The Cultural Intelligence Service or World-Information.Org contributes to the reduction of the information deficit. The background information on the information society is open to all interested people - and in fact can help to emancipate them. The primary focus of World-Information.Org is the strengthening and promotion of the public sphere in terms of electronic networks and of the electronic cultures in terms of cultural heritage. It also is dedicated to the preservation of cultural diversity in the infosphere ("digital ecology") and to the acknowledgement and acceptance of responsibility of digital human rights.
Future Heritage - the Cultural Heritage of Tomorrow
The acquisition early on by artists of experimental information and communication technologies greatly influenced contemporary art: digitalized, process-oriented, interactive, multimedia works - found, in most cases, via the internet - added to the development of lively and diverse electronic cultures. These electronic cultures are at the same time cultural evidence of the present, and lend to the identity of a highly complex society.
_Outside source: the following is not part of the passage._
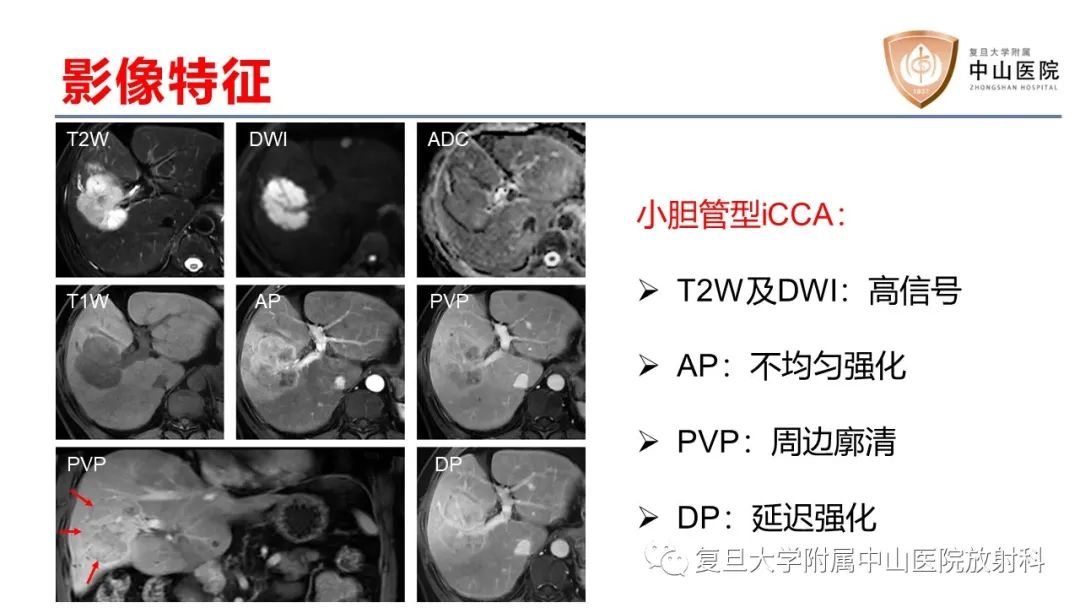 影像PPT - 【病例】肝内胆管细胞癌2例MR影像-23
The information- and communication-oriented arts of today are the cultural heritage of the future.
Legal, technical, scientific and, of course, financial precautions are needed for the promotion of art in electronic networks in order to pass on this heritage to future generations. If these efforts are not taken, an immense loss of cultural memory will loom.
Digital Ecology encompasses the production, storage, accessibility, ownership and use of information and knowledge. The data streams - flowing through different media form a complex ecology in the digital sphere. A social and culturally-tolerant digital ecology is marked by a variety of information and cultural manifestations. The goal is to have a wide range of information instead of information monocultures, which threaten to dominate because of the rise of a handful of international media oligopolies.
Digital Human Rights
In the change from an industrial to an information society, efficient communication technologies are created - formed with military links. These technologies conceal the danger of public interest being abused by governments or enterprises. At the same time, the technologies establish a new power structure - a disadvantage for all who have no access to new technologies, nor the experience in handling them - because it cuts them off from development and knowledge. The power structures in the information society require the completion of general human rights by human rights in the digital domain. Digital human rights are based on the understanding of communication as the base of civilization, identity and the formation of communities.
Among these basic digital human rights are the right of access to electronic networks, the right of free opinion and speech and, last but not least, the right to a private, intimate sphere - guaranteed and respected in cyber space.